Sarah Morton is a landscape photographer with a background in art history who has exhibited around the world across Europe and in the United States, the Middle East, as well as South America. Recent exhibitions include New York Art Show 2025, shows with Artboxy in Berlin, Palma, Grenada, Switzerland, and Abu Dhabi, The Photo Space Gallery in Middlebury, Vermont, Blank Wall Gallery in Venice and London, Illminster Art Center in England, as well as The Archway Gallery in Lochgilphead, Scotland. Sarah has been published by Contemporary Art Magazine and has won multiple recognitions from the Monochrome Awards.

Shooting with an analogue eye, Sarah captures sustained landscapes with intense focus and with digital manipulation which invokes ethereal and tranquil qualities. She enhances her compositions both through digital processes and capturing selective imagery during strategic timing and weather, such as revealing a forested road or path in the mist of the morning dew and fog or portraying the crashing ocean waves before a storm.
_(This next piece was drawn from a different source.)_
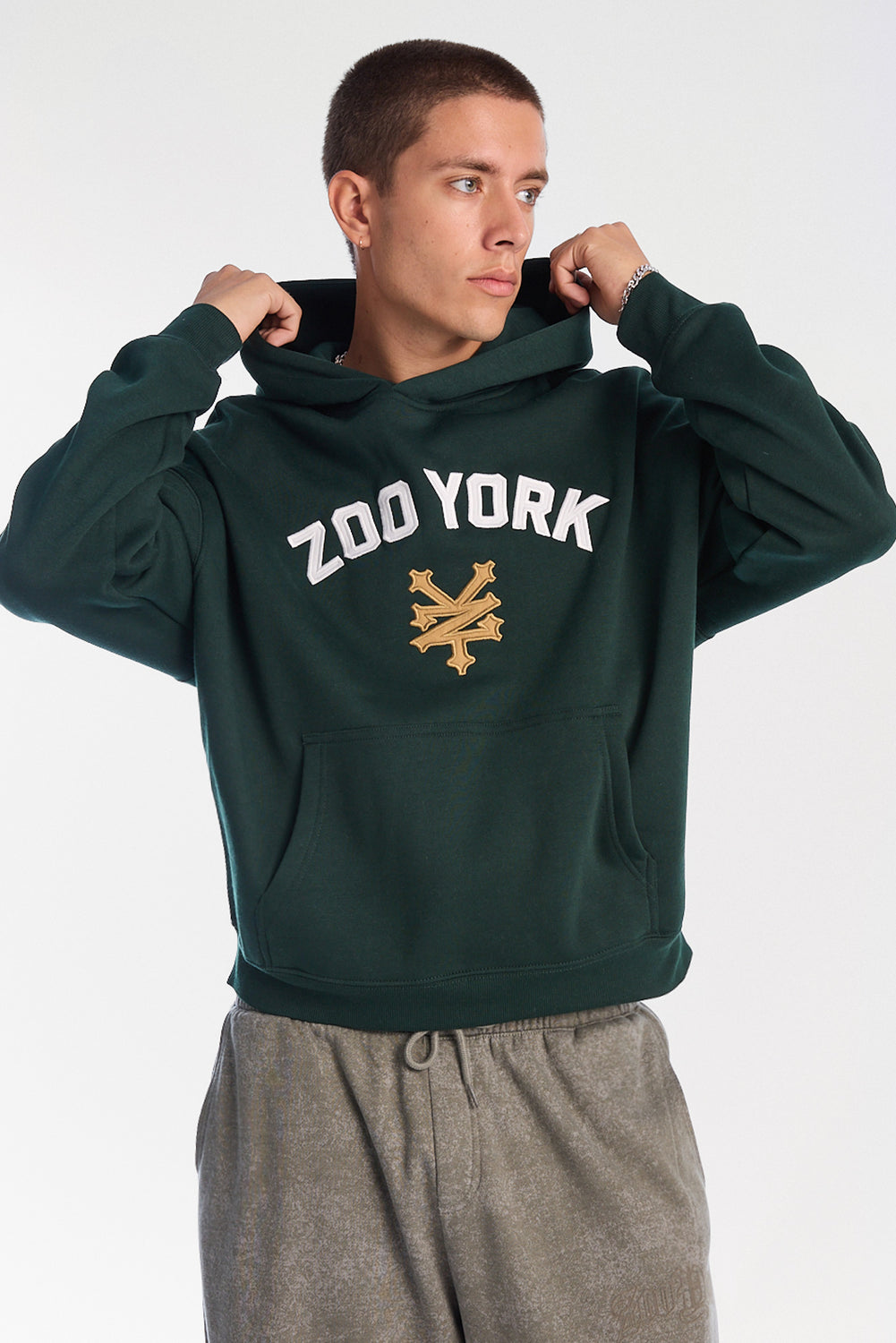 Zoo York Embroidered Logo Boxy Hoodie Zoo York Embroidered Logo Boxy Hoodie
Her works appear to have a gravitational element to the texture, as if her landscapes were being pulled by the forces of the moon. Some of her photographs appear painterly and all of them are quite powerful in revealing forces of nature through sustained winds, sfumato-like atmospheres, reflective high contrast bodies of water, and the mark of dusk.

These commanding photographs reveal Sarah Morton as one of the most dynamic landscape photographers to ever grace the pages of the Artist Feature Catalogue. Her compositions with their variation between high contrast depth of field and high saturation foreground reveals nature as an apparitional-type force full of character and a spirit of its own, rather than as a lifeless object. Sarah’s most poetic photographs tend to be her depictions of trees in formation similar to a garden. How she finds these locations remains a mystery as they appear imagined from the scene of a dramatic book rather than a landscape based in reality. Her integrative editing techniques, strategic cropping, and timing of day as well as weather combines the composition into a work of art reflecting deep philosophical musings and tendencies.
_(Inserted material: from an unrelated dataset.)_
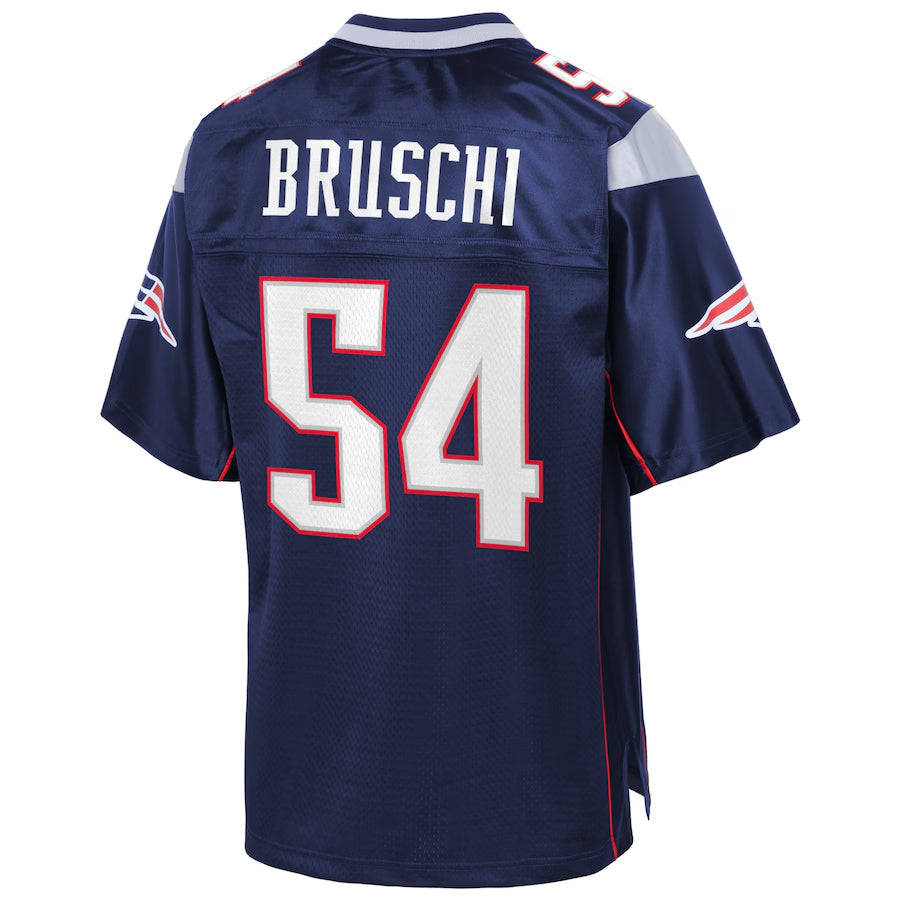 Davalo NE.Patriots #54 Tedy Bruschi Player Navy Pro Line Retired Stitched Jerseys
Study In Green (pictured above) remains one of Sarah’s most monochromatic works. The piece reflects one of her ‘tree gardens’. These particular works may not be actual gardens but the way she captures these trees along with their chaotic foliage and ominous limbs reveals a dreary yet solemn atmosphere. Study In Green is full of dramatic effect with almost silhouette-type layout and capturing of light which sustains through the sfumato-like mist in the air.

Sarah Morton can be described as a powerful photographer who not only captures nature but also molds and shapes the landscape like a sculptor with fine marble. Her refined compositions reveal an artist in-tune with the tools of her camera as well as the computer as she manipulates her landscapes to have deep mysterious and ethereal qualities worthy of a description from an award-winning book. Sarah Morton is a force to be reckoned with regarding her photography which reveals not only a sense of inner-reflection, but also builds upon landscapes which seem to reveal a hidden narrative to be discovered by the viewer through dramatic lighting, intense atmosphere, and strategic location as well as timing of luminous realities.